Much like the problem with the mice in this flat. Following a long quiet spell after the murder of Graham Mouse, the mouse family is back- at least one, or possibly two. Unfortunately, it seems that the mouse clan has decided to relocate into my bedroom- specifically, behind my wardrobe. I suppose I could live with a certain amount of scampering around the flat, but when it's happening right next to my bed, it gives me the heebies.
Worse still, the mice are demonstrating a decided fondness for my laundry basket. Over the weekend, I stashed the nappy bag there (thinking, tra la la, that I needed to make sure the bag was off the floor so the mice didn't get into it.) Then, as I was changing the bedsheets, I heard a rustling of tiny mouse feet coming from inside the bag. I ran to get Knox, and he quickly zipped up the bag opening.

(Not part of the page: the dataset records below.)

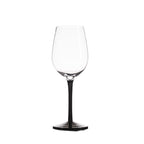 Wine Luminous Glass Medieval Black Swan Goblet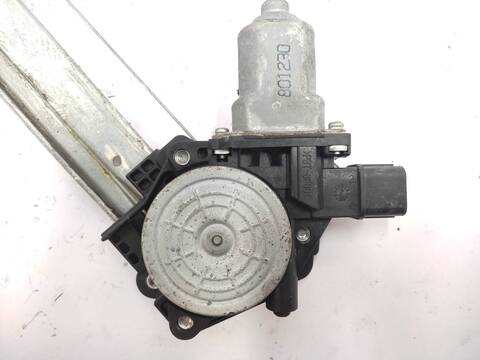 Foto 3ª: Elevalunas Manual Trasero Derecho Honda Civic BASICO BERLINA 95CV 70KW [LDA2] (2008)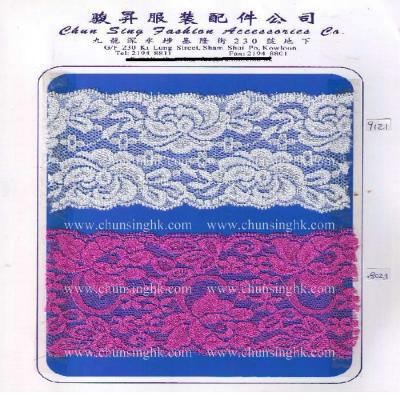 elastic lace (elastic lace)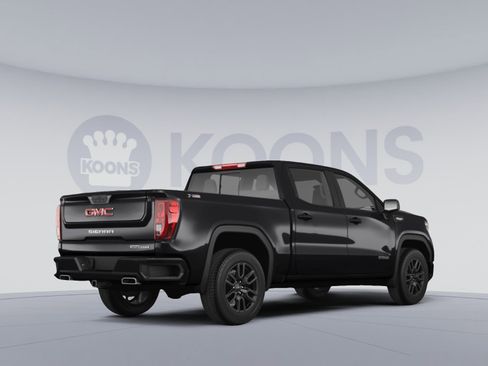 New 2026 GMC Sierra 1500 Elevation w/ X31 Off-Road Package image 4
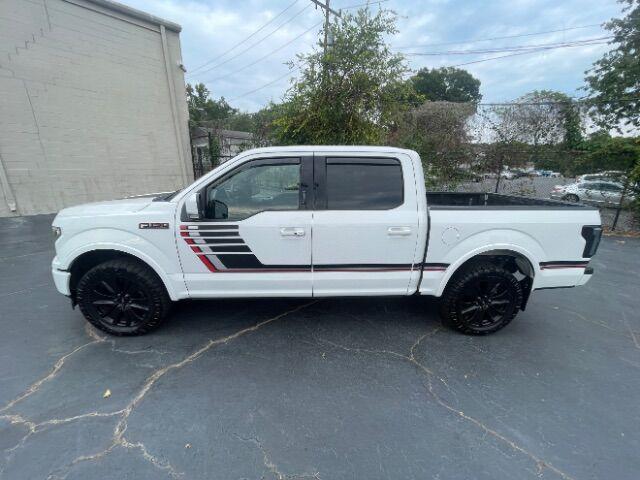 used 2020 Ford F-150 car, priced at $28,995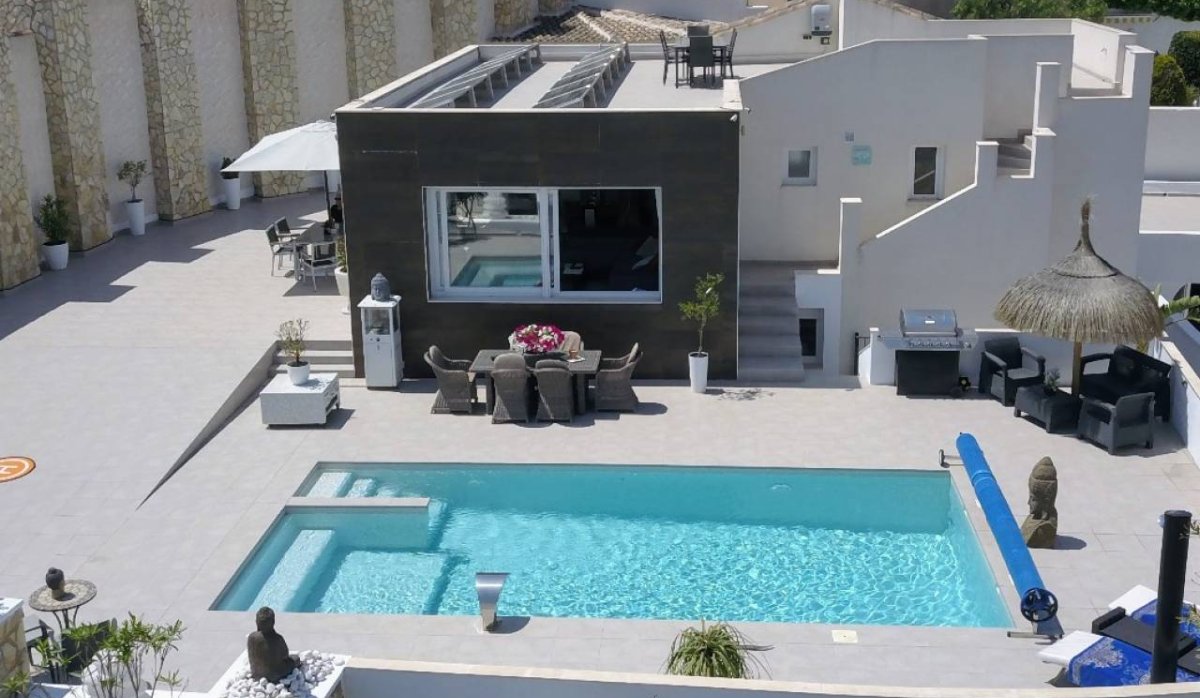 Resale - Villa - Ciudad quesada - Ciudad Quesada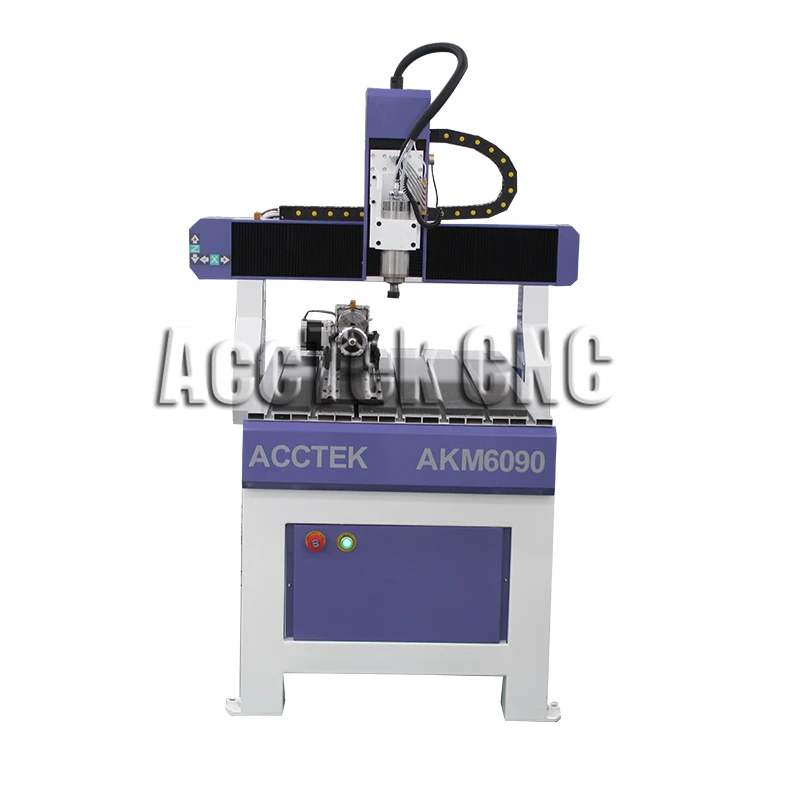 

Factory price small toys wood working machine router cnc 6090 AKM6090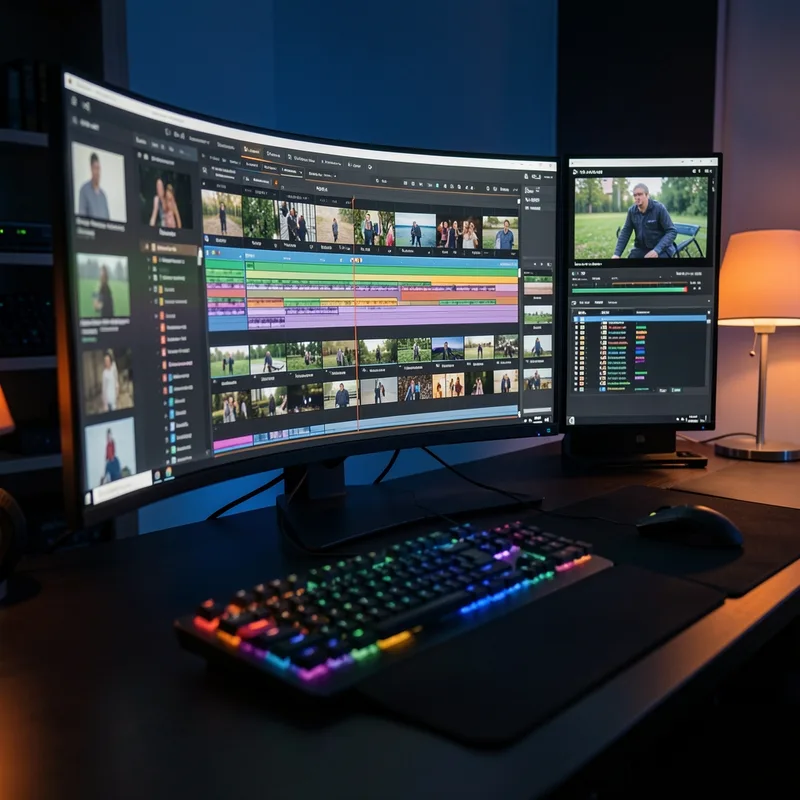 Logiciel de montage vidéo : choisir selon ses vrais besoins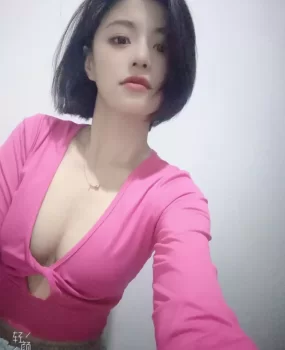 郑州短发哑妹子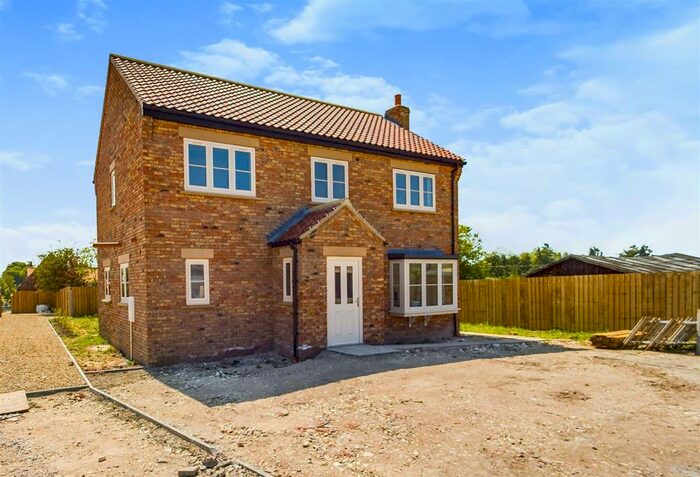 3 Bedroom Detached House For Sale In Plot, Skylark Paddocks, North Back Lane, Kilham, YO25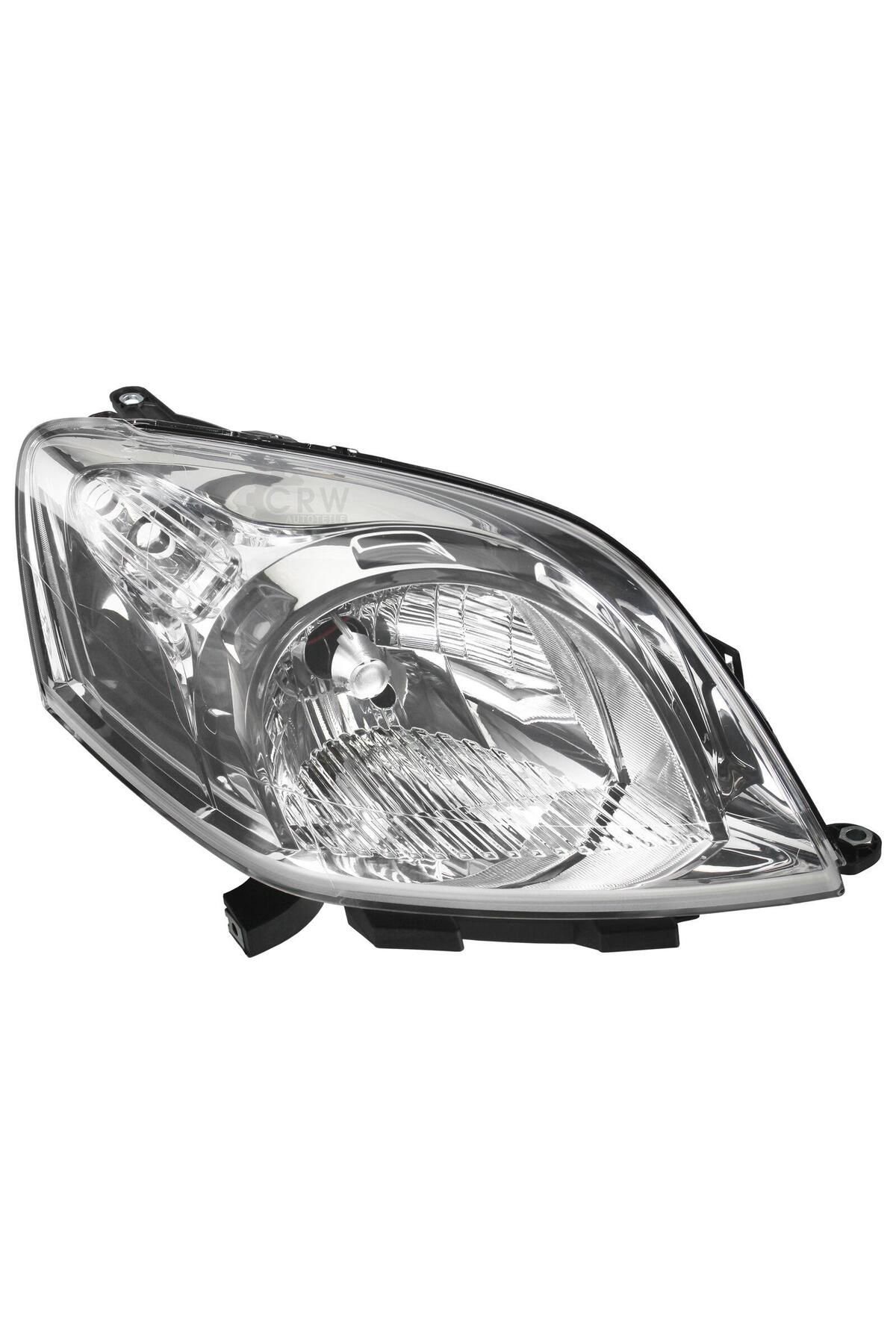 Fesan Fiat Fiorino Sağ Ön Far Motorlu 2007--2014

He held it up.
"I bet the mouse is long gone," he said.
"I wouldn't be so sure- I think it is still in there," I told him. So we waited it out, placing the bag in a quiet corner. Sure enough, about half an hour later, we heard telltale scrabbles. Eek. Knox bravely embarked on a bit of mouse relocation out in the garden- as soon as he opened the bag, the thing leaped about ten feet in the air, straight past him and into the sanctuary of the stone wall.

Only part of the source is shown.